I was working on a classification problem using machine learning and while analyzing the training data, I noticed that there were few data points which didn’t fit the distribution. These data points were making the gaussian distribution not gaussian.

To improve the accuracy of the classifier, I needed to eliminate them. For that purpose, I used Tukey’s method. It uses interquartile range to find/eliminate outliers.

What is a Quartile and how to find Interquartile range?

If we divide the data into 4 sections, each containing 25% of the data, then each section is called a Quartile. The data is sorted in an ascending order.

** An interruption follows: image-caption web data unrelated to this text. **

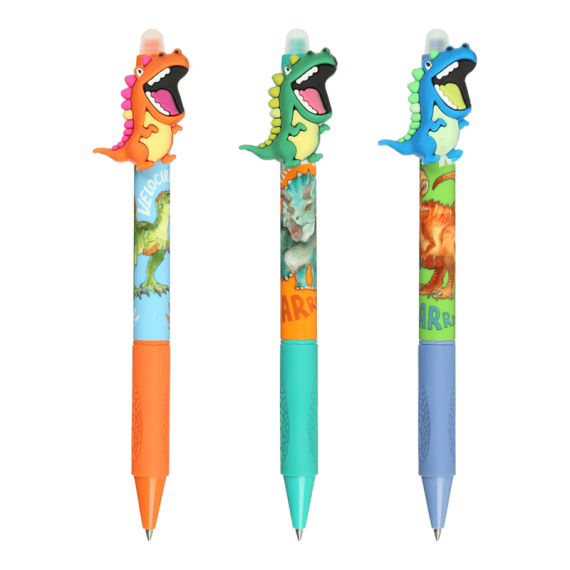 Фото - Ручка гелева 'Пиши-стирай', 0,5мм, DINO, KIDS Line,уп36шт, mix4 62827 Фото - Ручка гелева 'Пиши-стирай', 0,5мм, DINO, KIDS Line,уп36шт, mix4 62827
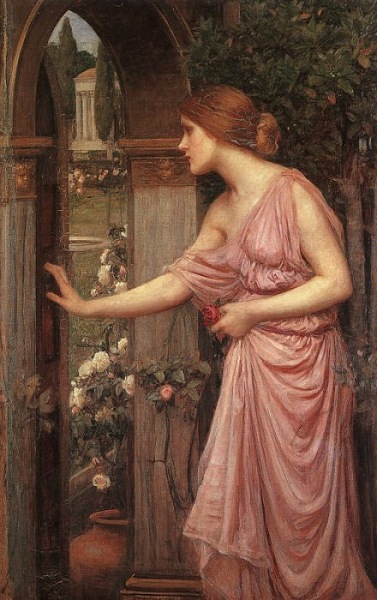 Psyche entering Cupid's Garden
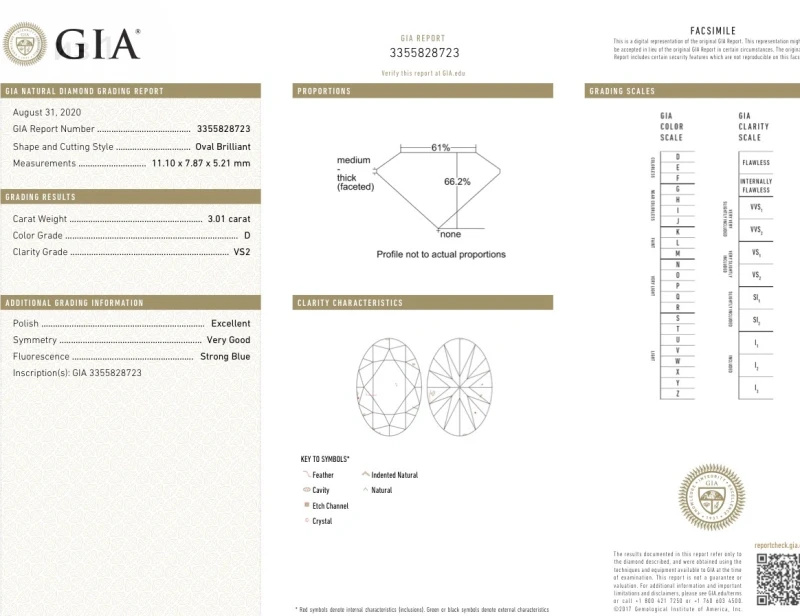 No name OVAL DIAMOND 3.01 CT D/VS2 RING (GIA) NN3.01 D/VS2 2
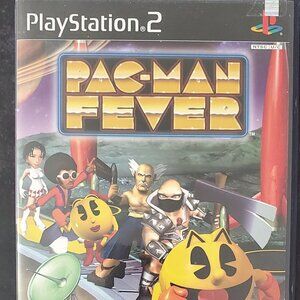 Pac Man Fever Sony PlayStation 2 Video Game  Black Label 2002 Tested/Working
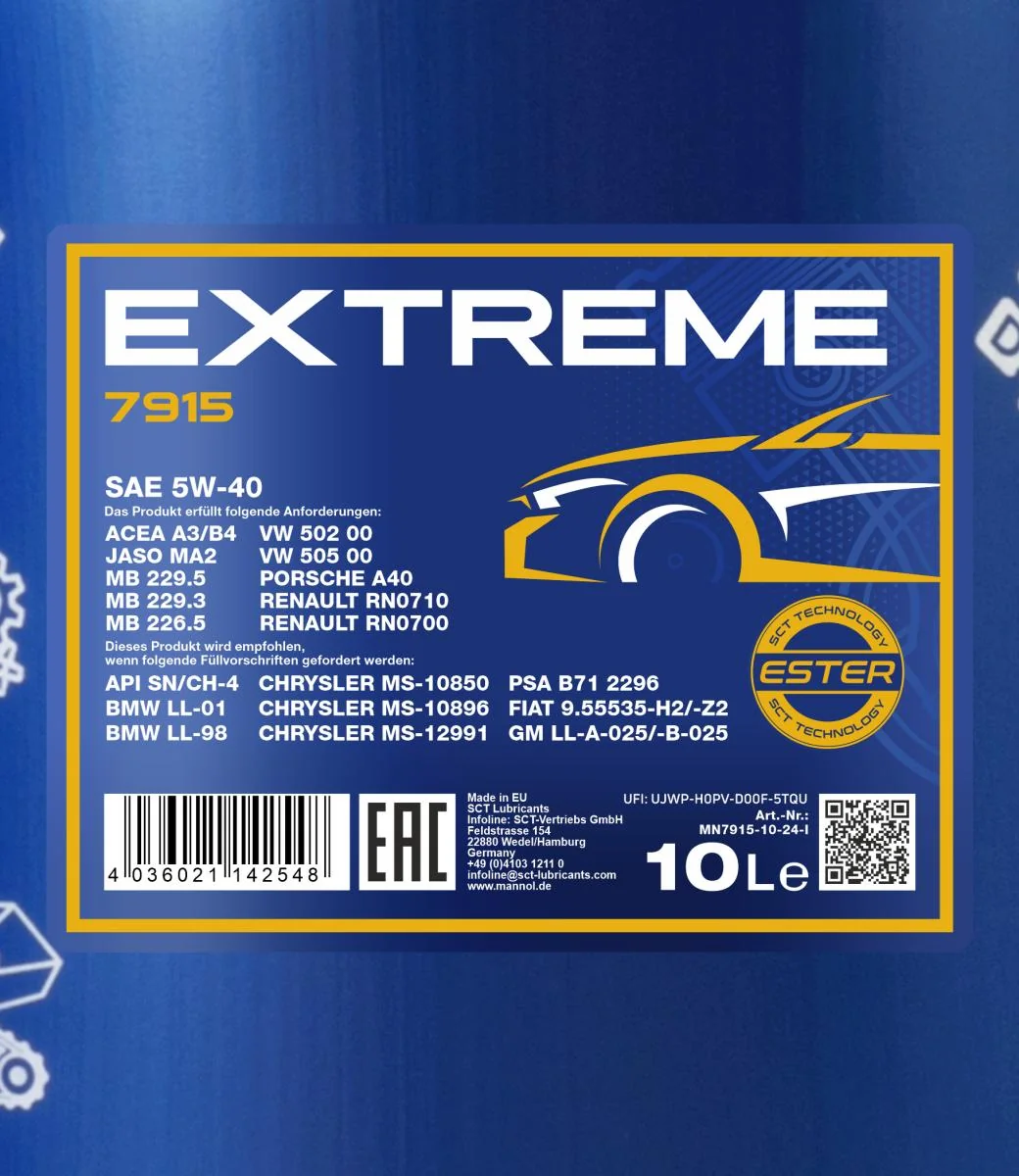MANNOL® - MN791510 - Extreme 5W-40 10L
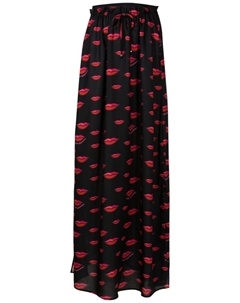 Юбка макси с принтом, черный Amir slama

The first 25% of the data is called 1st quartile, 25% – 50% is called the 2nd quartile, 50% – 75% is called the 3rd quartile and the last 25% is called the 4th quartile.

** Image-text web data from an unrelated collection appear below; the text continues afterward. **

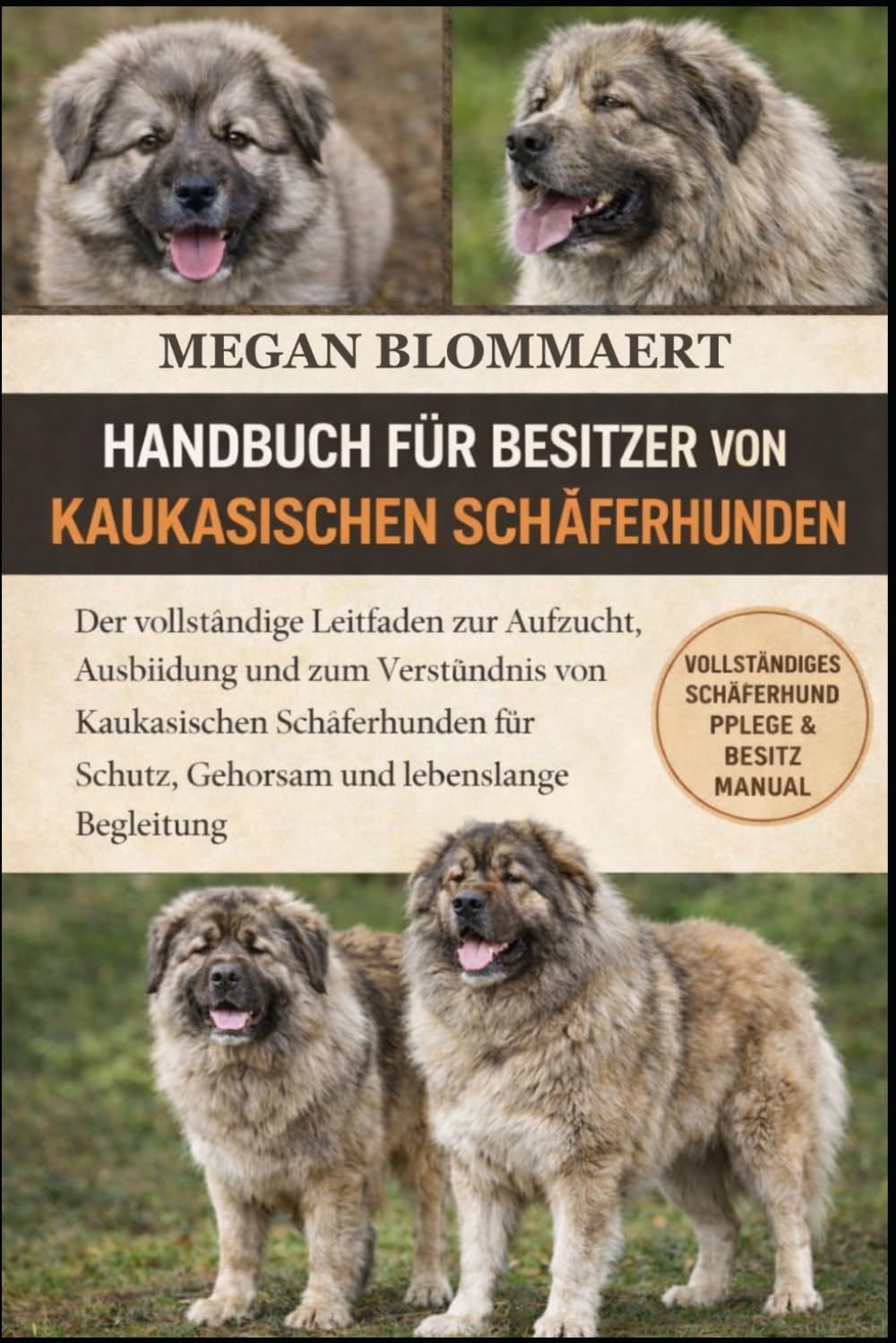 Handbuch für Besitzer von Kaukasischen Schäferhunden: Der vollständige Leitfaden zur Aufzucht, Ausbildung und zum Verständnis von Kaukasischen ... Schutz, Gehorsam und lebenslange Begleitung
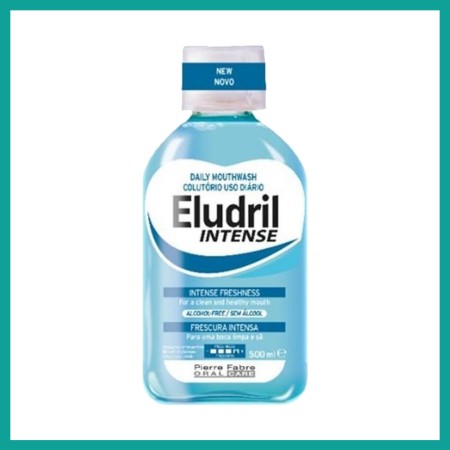Elgydium Eludril Intense Daily Mouthwash,Στοματικό Διάλυμα για την Καταπολέμιση Βακτηρίων 500ml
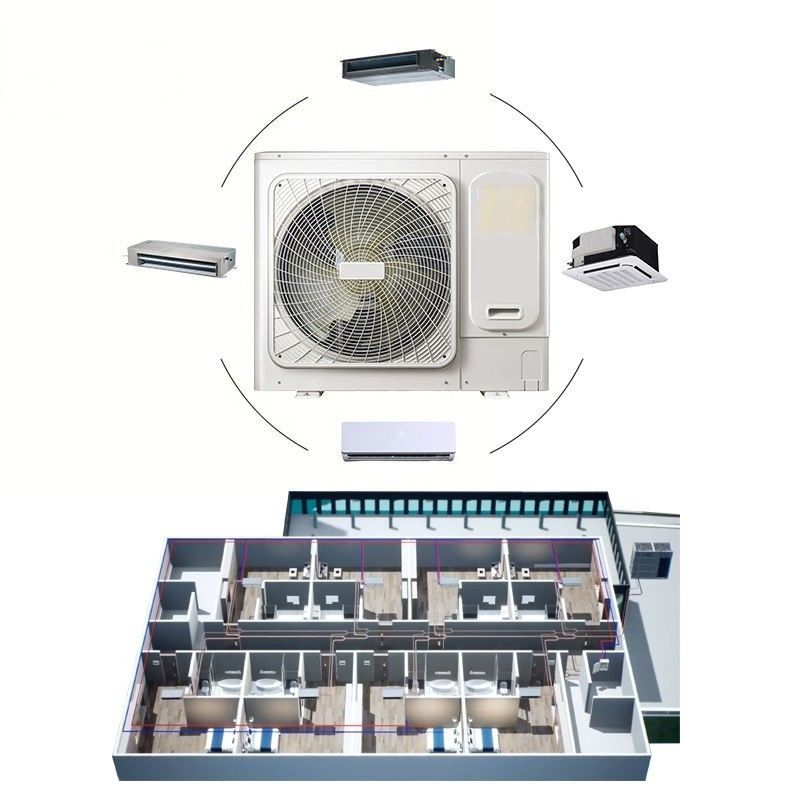 Mini Dc Inverter Smart Mini VRF Aircon DC Inverter Compressor dan DC Fan Motor dengan ...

In Python, we can calculate quartiles as follows:


def GetQuartiles(arr):
    arr = np.sort(arr)
    mid = len(arr)/2
    if(len(arr)%2 == 0):
        Q1 = np.median(arr[:mid])
        Q3 = np.median(arr[mid:])
    else:
        Q1 = np.median(arr[:mid])
        Q3 = np.median(arr[mid+1:])
    return Q1,Q3

For the dataset shown below, the quartile are:

tukey01

The distance between 3rd quartile and the 1st quartile is called Inter-Quartile Range (IQR.)

tukey02

How to detect Outliers using IQR?

Anything which lies below (1st quartile – IQR) or above (3rd quartile + IQR) are considered as outliers. But, you can multiply a small bias with IQR to include/exclude more data points.

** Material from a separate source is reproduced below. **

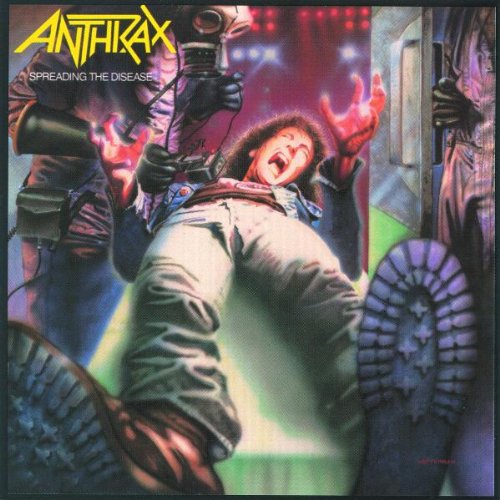 the album cover for Anthrax - Spreading the Disease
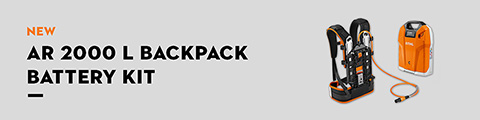 AR 2000 L BACKPACK BATTERY KIT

def EliminateOutliers(arr, bias = 1):
     q1,q3 = GetQuartiles(arr)
     iqr = q3 - q1
     lowerLimit = q1 - bias*iqr
     upperLimit = q3 + bias*iqr
     return filter(lambda x: (x > lowerLimit and x < upperLimit),arr)

For bias = 1, the outliers are highlighted below.

tukey03

This is a simple method to eliminate outliers in the data and help you to train a better classifier.